* [DATA PROVIDED]:
*** Begin section ***

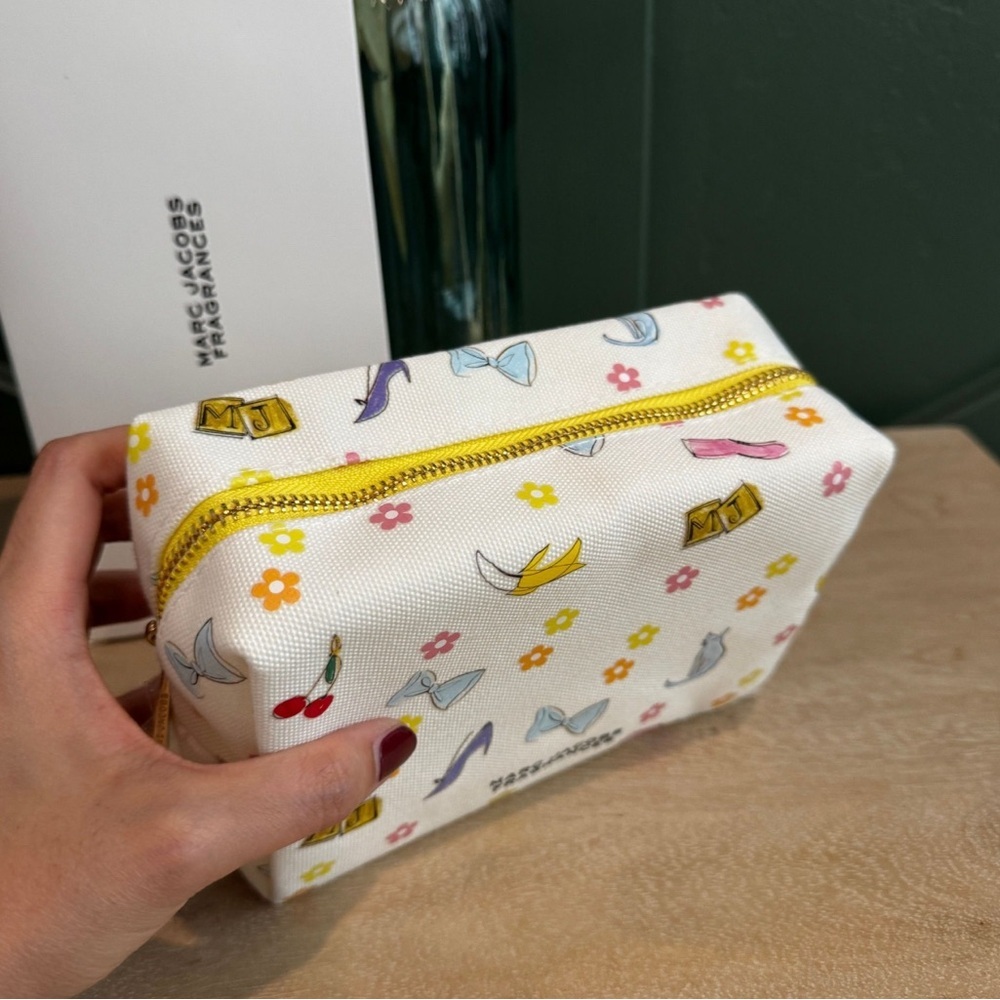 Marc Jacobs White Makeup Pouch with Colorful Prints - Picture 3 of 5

*** End section ***
*** Begin section ***

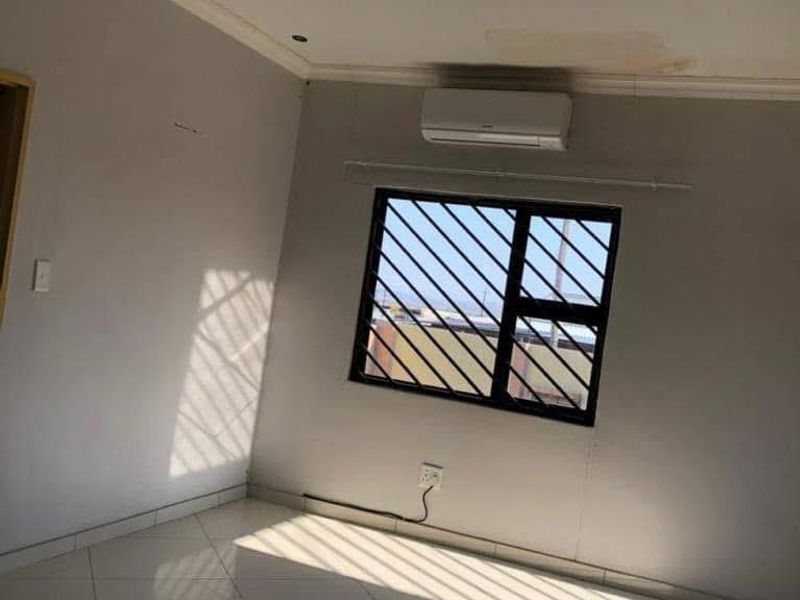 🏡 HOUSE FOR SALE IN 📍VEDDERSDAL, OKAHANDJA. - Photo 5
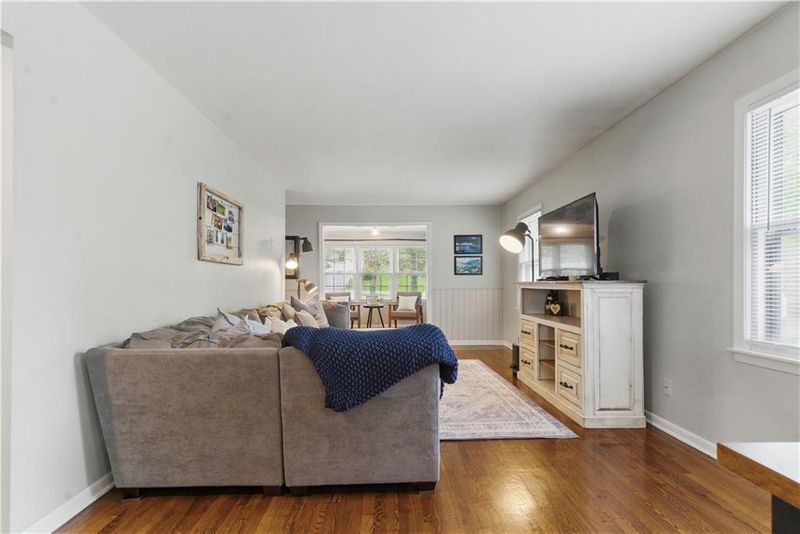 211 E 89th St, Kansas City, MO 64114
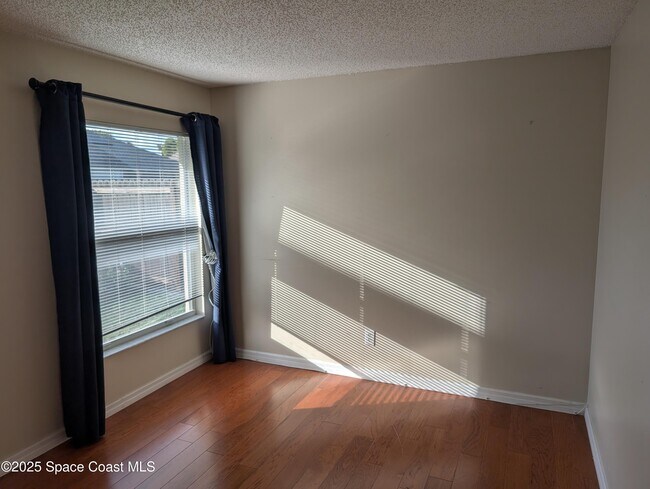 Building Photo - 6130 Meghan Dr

*** End section ***

* [PROBLEM DESCRIPTION]: Output exactly the lines above that lie between the line with "211 E 89th St, Kansas City, MO 64114" and the line with "Building Photo - 6130 Meghan Dr", those two lines included, and no pictures.

* [WRITTEN REPLY]:
 211 E 89th St, Kansas City, MO 64114
 Building Photo - 6130 Meghan Dr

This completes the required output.